What you need to do. Reproduce the listing below exactly, minus its pictures.

Data provided.
*** Block opens ***

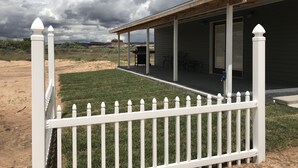 Une véranda couverte avec un barbecue, une cour clôturée et une vue sur le paysage environnant.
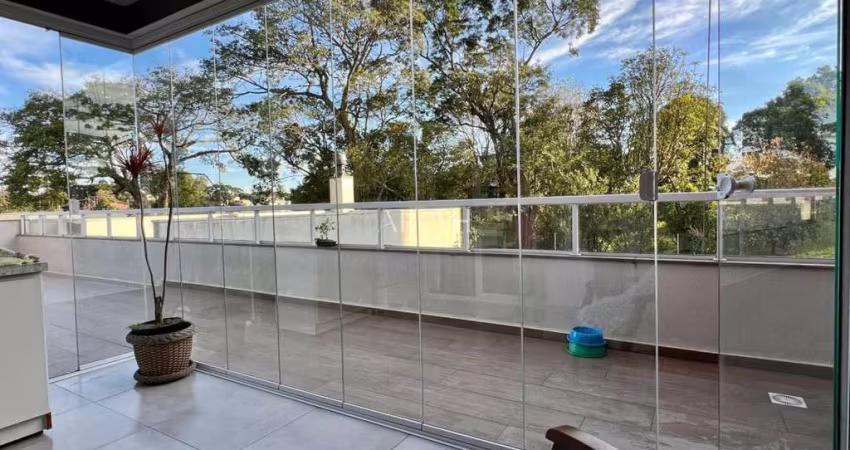 Apartamento semimobiliado com terraço no Vinhedos.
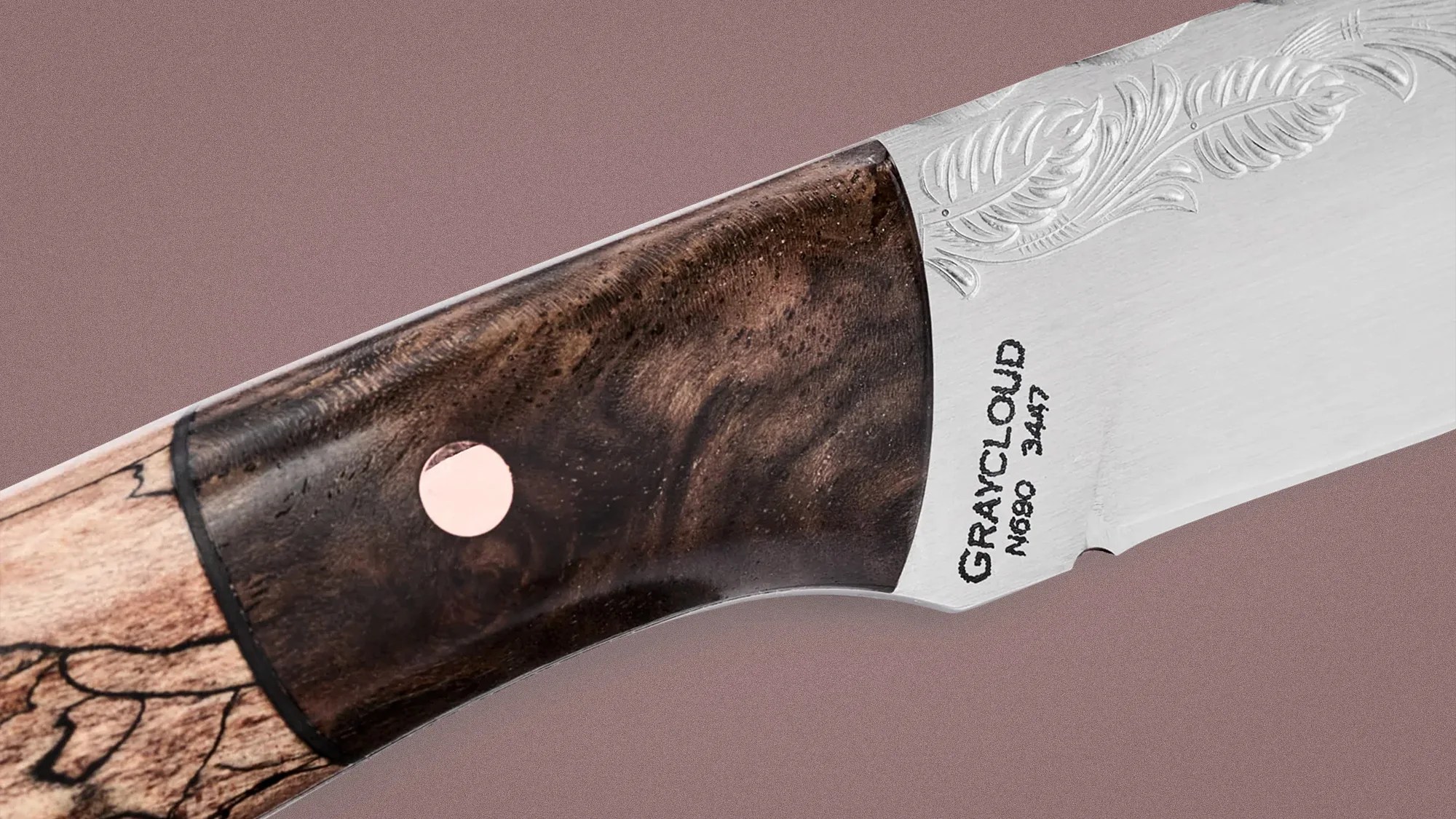 Close-up of a knife handle made of dark and light wood with a metal rivet and engraved blade reading "GRAYCLOUD N690 3447.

*** Block closes ***

Exercise response.
 Une véranda couverte avec un barbecue, une cour clôturée et une vue sur le paysage environnant.
 Apartamento semimobiliado com terraço no Vinhedos.
 Close-up of a knife handle made of dark and light wood with a metal rivet and engraved blade reading "GRAYCLOUD N690 3447.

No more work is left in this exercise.